DATA FOR THIS EXERCISE:
- Opening Delimiter -

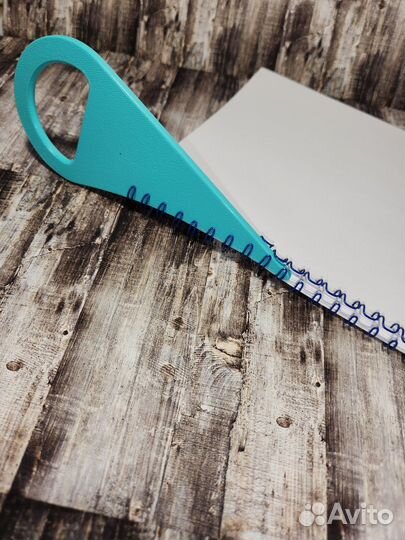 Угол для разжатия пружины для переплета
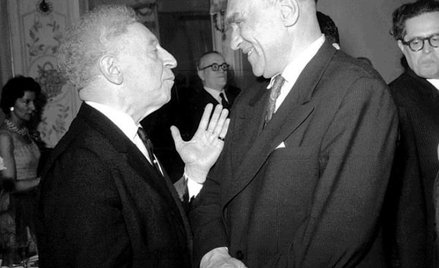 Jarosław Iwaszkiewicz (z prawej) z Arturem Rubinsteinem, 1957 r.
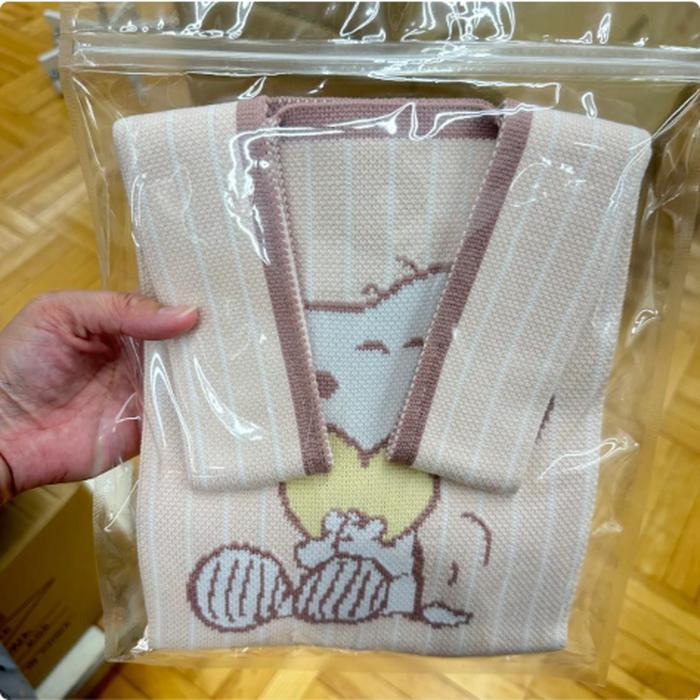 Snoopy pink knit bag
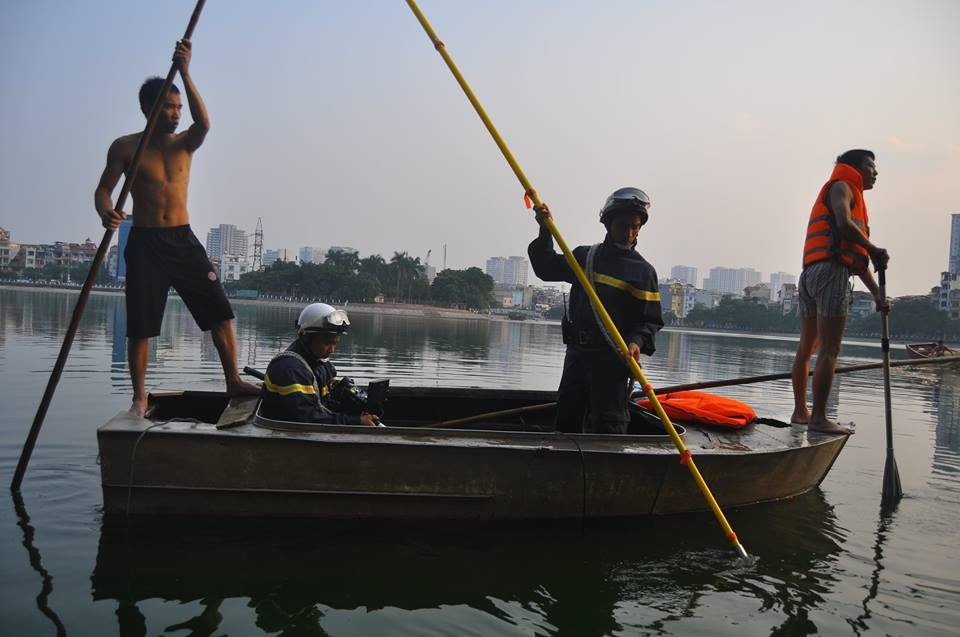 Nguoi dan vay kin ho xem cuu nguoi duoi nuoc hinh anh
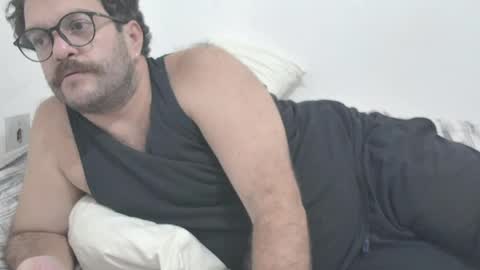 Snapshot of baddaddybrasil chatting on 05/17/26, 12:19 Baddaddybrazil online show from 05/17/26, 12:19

- Closing Delimiter -
- Opening Delimiter -

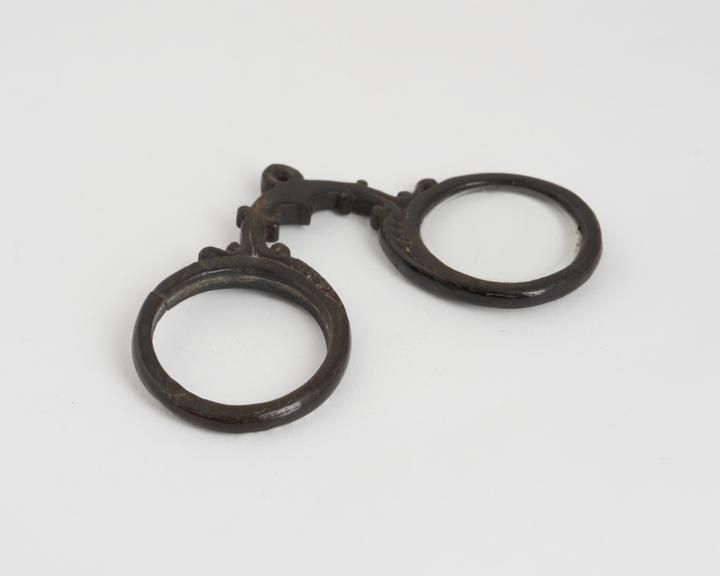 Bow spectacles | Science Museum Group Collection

- Closing Delimiter -

WORK TASK:
To complete this exercise, transcribe exactly the lines above from the one that holds "Угол для разжатия пружины для переплета" through the one that holds "Nguoi dan vay". Pictures stay out.

RESULT:
 Угол для разжатия пружины для переплета
 Jarosław Iwaszkiewicz (z prawej) z Arturem Rubinsteinem, 1957 r.
 Snoopy pink knit bag
 Nguoi dan vay kin ho xem cuu nguoi duoi nuoc hinh anh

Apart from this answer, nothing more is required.